O bom gosto depende sempre de que lado da torcida o cara está.
Tem louco pra tudo. O silêncio de uns é o gatilho pra ansiedade de outros. Bons modos à mesa? E como faz quem não tem mesa pra almoçar? Serve de que preferir picanha a atum? E o faminto que esperneia lá debaixo da linha da pobreza? Come o que pra silenciar a fome que corrói suas entranhas?
“Eu gosto dos que têm fome, dos que morrem de vontade, dos que secam de desejo, dos que ardem”. Pois é, Adriana... Nem todo metaleiro te curte, nem teu flerte com o funk aproximou os MCs do teu universo, os modernos te veem brega e os bregas te veem moderna. C’est la vie!
O bom gosto separa papos de grenás, calvos de cabeludos, infratores de juízes, sertanejos universitários de acadêmicos inovadores. O bom gosto divide os que adoram pão de queijo e desprezam croissant.
Covardes são vistos como corajosos, por quem julga ter bom senso. Por outro lado, insensatos questionam o bom senso dos covardes.
Picolé de uva, suco de uva, vinho frisante, shampoo de uva, gloss de uva, pastel de sagu de uva, carré de cordeiro harmonizado com vinho syrah, arroz com uva passa.
Haja criatividade pra lidar com a mesma fruta, a soberana que apimenta o desejo de todos os municípios da Serra, ávidos por chamar a uva de amada rainha.
Lembrando que a videira despreza fronteiras, cercas e muros.

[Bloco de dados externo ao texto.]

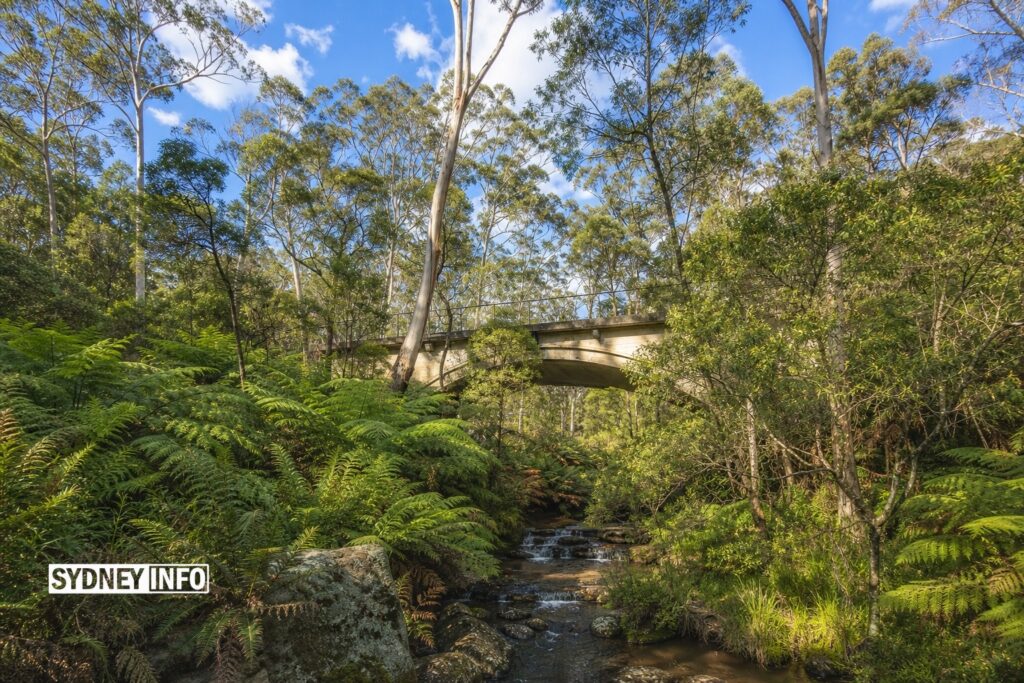 AI Generated - Leura Cascades Reopens With Heritage Lighting, But Tracks Remain Closed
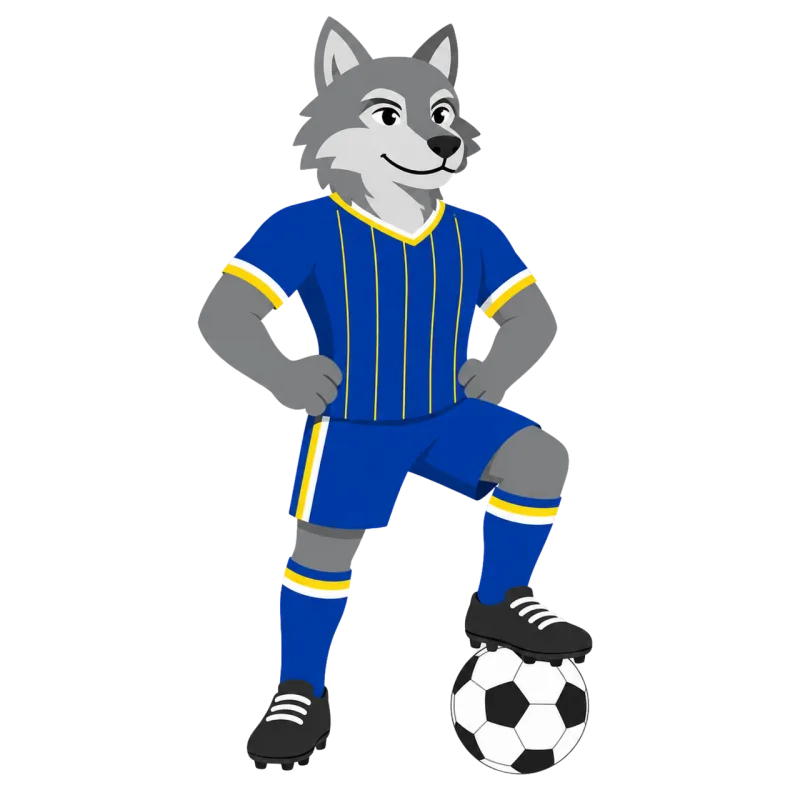 Mascot Wolf Football Stickdatei – Sport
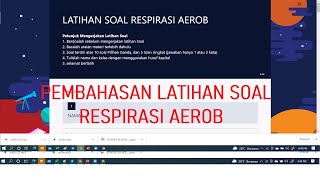 PEMBAHASAN LATIHAN SOAL RESPIRASI AEROB [upl. by Sax]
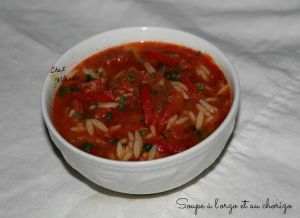 Recette Soupe à l'orzo et au chorizo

“Eu não gosto do bom gosto” é a senha da crônica. “Eu não condeno mentiras, eu não condeno vaidades”. O bom gosto compra quase tudo, menos o bom senso. “Eu suporto aparências”.
Aparentemente, os que têm fome estão sempre morrendo de vontade, né, Adriana? O custo do desejo é o escambo do tempo de vida versus o suor do trabalho.
— Garçom, embrulha o bom gosto que eu vou levar pro vira-lata.
— E qualé o nome do cusco?
— Bom Senso. Ele come picanha e arrota sushi de atum.